### Assigned task
A word-for-word copy of the data, with no images, is the required answer.

### Data shown
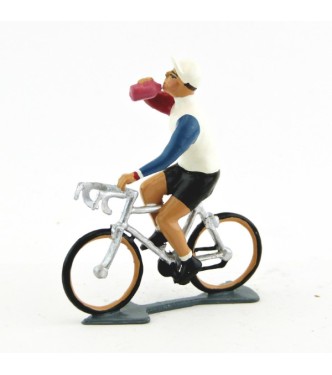 Champion de Hollande buvant à la gourde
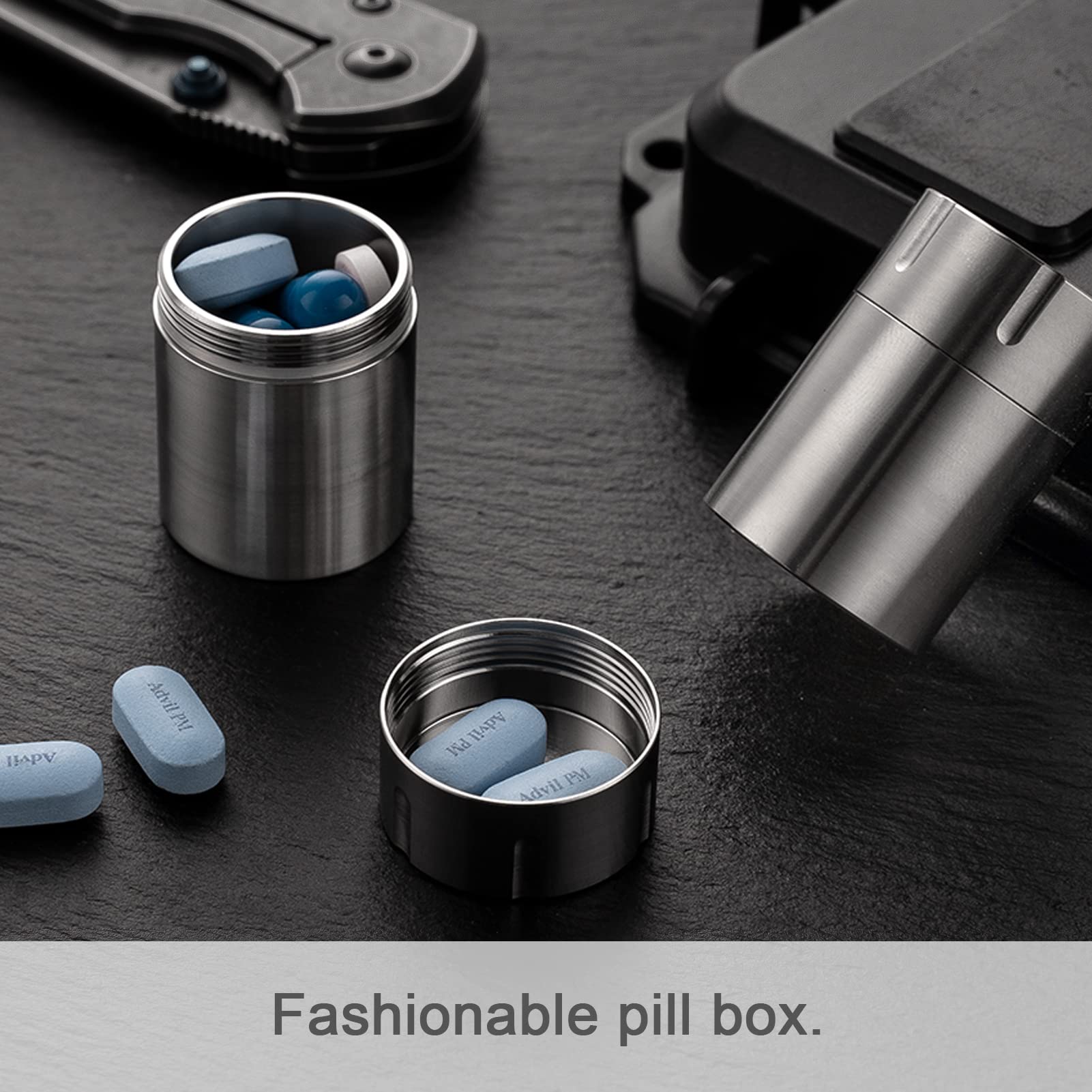 Usage polyvalent TISUR: pilules, bonbons et petits accessoires.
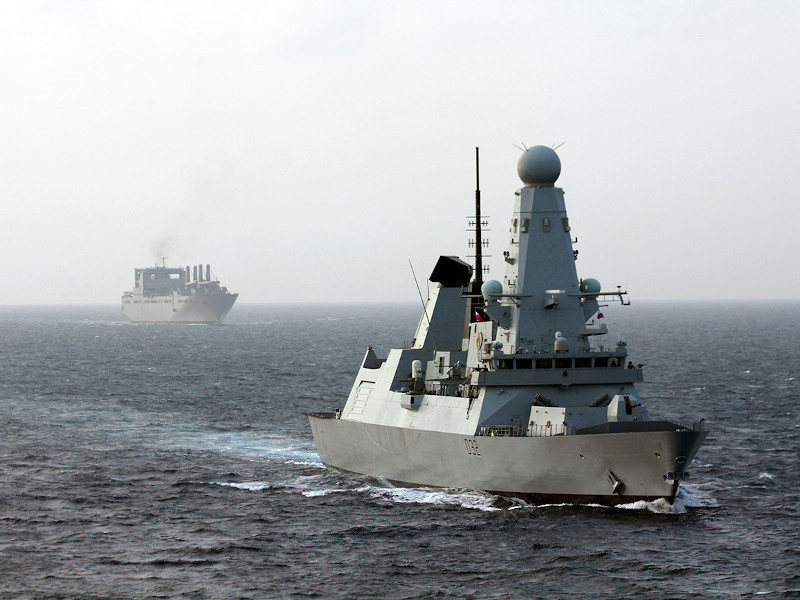 Tư lệnh Hải quân Hoàng gia Anh, Phó Đô đốc Jerry Kyd CBE cũng cho biết: “Các chương nâng cấp sẽ nâng cao khả năng chiến đấu đặc biệt cho lớp tàu này, nhằm chống lại các mối đe dọa trên không cả hiện tại và tương lai; làm nòng cốt bảo vệ hạm đội tàu mặt nước và nhóm tấn công tàu sân bay”.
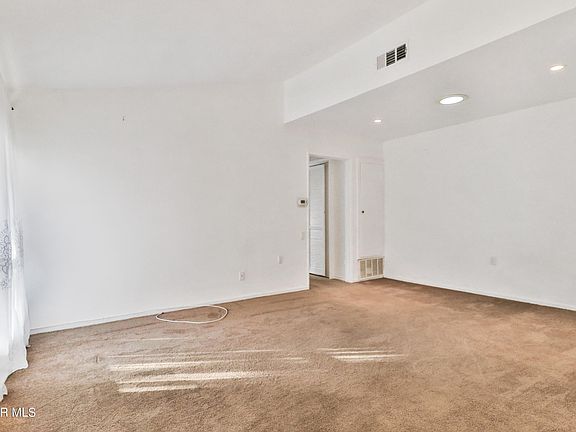 3rd image of 19232 Avenue Of The Oaks Unit B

### Solution to the exercise
 Champion de Hollande buvant à la gourde
 Usage polyvalent TISUR: pilules, bonbons et petits accessoires.
 Tư lệnh Hải quân Hoàng gia Anh, Phó Đô đốc Jerry Kyd CBE cũng cho biết: “Các chương nâng cấp sẽ nâng cao khả năng chiến đấu đặc biệt cho lớp tàu này, nhằm chống lại các mối đe dọa trên không cả hiện tại và tương lai; làm nòng cốt bảo vệ hạm đội tàu mặt nước và nhóm tấn công tàu sân bay”.
 3rd image of 19232 Avenue Of The Oaks Unit B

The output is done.